Let's look at the different parts of this command. The -avz selectors are telling it to do some very specific things when it runs. The a is telling it to run in archive mode. Rsync is often used in environments where it isn't backing up files. This tells rsync that it's acting in an archive capacity. The v is for verbose. This will display a list of each of the files it backs up as it backs them up. The z is telling it to use compression.

Next we have -e ssh. This is telling it to use rsh replacement. In this case we are backing up the files via ssh which is encrypted for security.

remoteuser@remotehost:/remote/dir is the source location. In this case we are connecting to another computer via ssh. The remoteuser@remotehost is the information for the account to connect to the remote server. The /remote/dir is the directory you want to backup. All subdirectories will, also, be backed up.

Finally, the /this/dir/ is the directory on the current system you want to backup the files to.

Rsync is flexible and has many optional commands. For example, I recently created a backup of a site minus it's 2 gigs of mp3 files. To do this I ran the rsync command:

$ rsync -avz -exclude '*.mp3' -e ssh remoteuser@remotehost:/remote/dir /this/dir/

This told rsync to exclude all files with the extension mp3.

If you're thinking this would be a pain to run on a regular basis you don't need to do that. A simple shell script run via a cron job can automatically execute something like this on a daily basis and take care or your file back ups. Too many strange words in the last sentence? If you don't know, a cron job is just a regularly scheduled task and a shell script is just like a little program that runs from the command line.
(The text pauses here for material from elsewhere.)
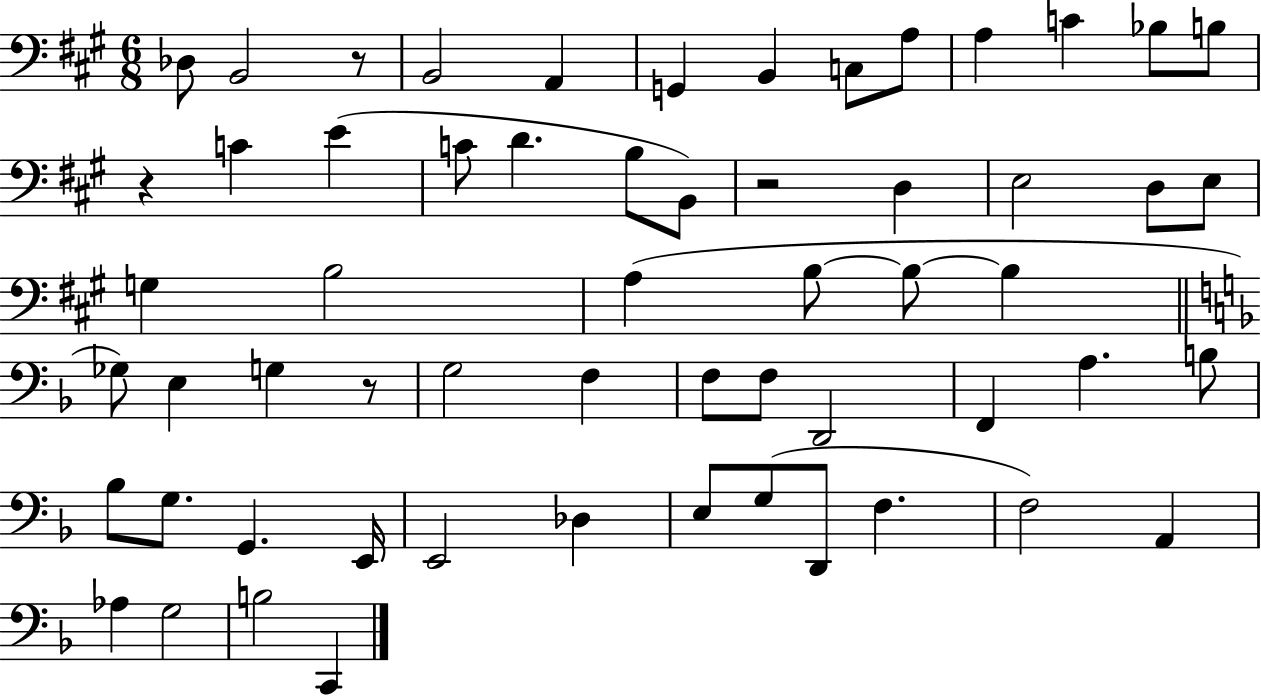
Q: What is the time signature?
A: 6/8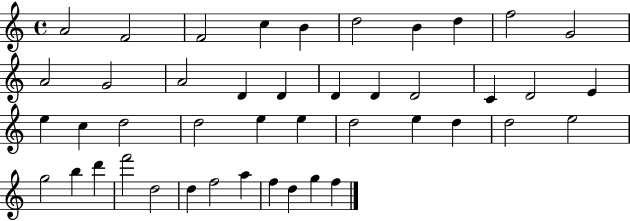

Cron tasks can run command line scripts.

Oh I almost forgot, Combining rsync with samba (for connections to windows computers) can make a great shared drive backup utility.
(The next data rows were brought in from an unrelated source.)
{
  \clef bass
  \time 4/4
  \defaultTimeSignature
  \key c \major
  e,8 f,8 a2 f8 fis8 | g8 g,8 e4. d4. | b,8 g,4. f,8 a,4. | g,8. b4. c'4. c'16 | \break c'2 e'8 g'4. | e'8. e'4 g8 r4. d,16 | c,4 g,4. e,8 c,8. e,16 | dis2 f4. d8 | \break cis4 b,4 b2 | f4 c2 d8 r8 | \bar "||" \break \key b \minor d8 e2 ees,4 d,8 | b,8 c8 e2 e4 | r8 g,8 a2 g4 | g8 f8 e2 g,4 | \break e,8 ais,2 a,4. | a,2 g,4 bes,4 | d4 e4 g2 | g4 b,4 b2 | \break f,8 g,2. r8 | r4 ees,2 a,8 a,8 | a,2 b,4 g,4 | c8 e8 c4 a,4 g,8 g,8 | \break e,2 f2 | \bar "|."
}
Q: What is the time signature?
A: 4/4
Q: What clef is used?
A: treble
If you're looking for a good backup utility check out rsync. It can definitely provide a powerful file back tool. Over the next couple months I'll blog more about using rsync as part of a full package backup solution.

Great post!

Just wanted to expand on your comment about rsync being available for windows. I'm using the cwRsync package which is REALLY easy to install and setup on Windows. I highly recommend it.
Link

Thanks for the link

Travis - Thanks for the link.

I'm in the process of setting up a solid backup system for a number of important (to me) sites. Rsync has turned out to be a great tool for that.

rsync still?

Hey I was curious if you're still using rsync regularly? And if so, how frequently?

Also, G & G show idea based on the past few weeks, "Switching Webhosts," "living green," and especially the Web 2.0 services show, it's time for an episode called something like:

FOG FREE LIFE SYNCING: the various tools out there for syncing calendars, contacts, files, etc. make it a bit overwhelming for full-time pastors.

Finally, in this episode, I'd love your opinions on the "new" MobileMe that apple unveiled today. From what I understand, most of these third party tools for syncing back and forth between Gmail, Google Calendars, iCal, Outlook, CRM's, etc. won't be needed, especially since Apples using Push technology. So, though I have let's say, SpanningSync or BusySync on my Mac, it still relies on me to set it to run auto or manually which means I have to fire the app. Doesn't PUSH eliminate the need for that?

Thanks dude!

Bart

I like the idea

I like the syncing idea. We've been mulling around technologies that make our lives easier and that would fit in great there.

As for rsync, I use it at least once a week for a regular backup. I should set it up to run more. Mostly, it runs in the background as a regularly scheduled task so it's a no brainer. I, also, run it as a last second backup before I make any major changes.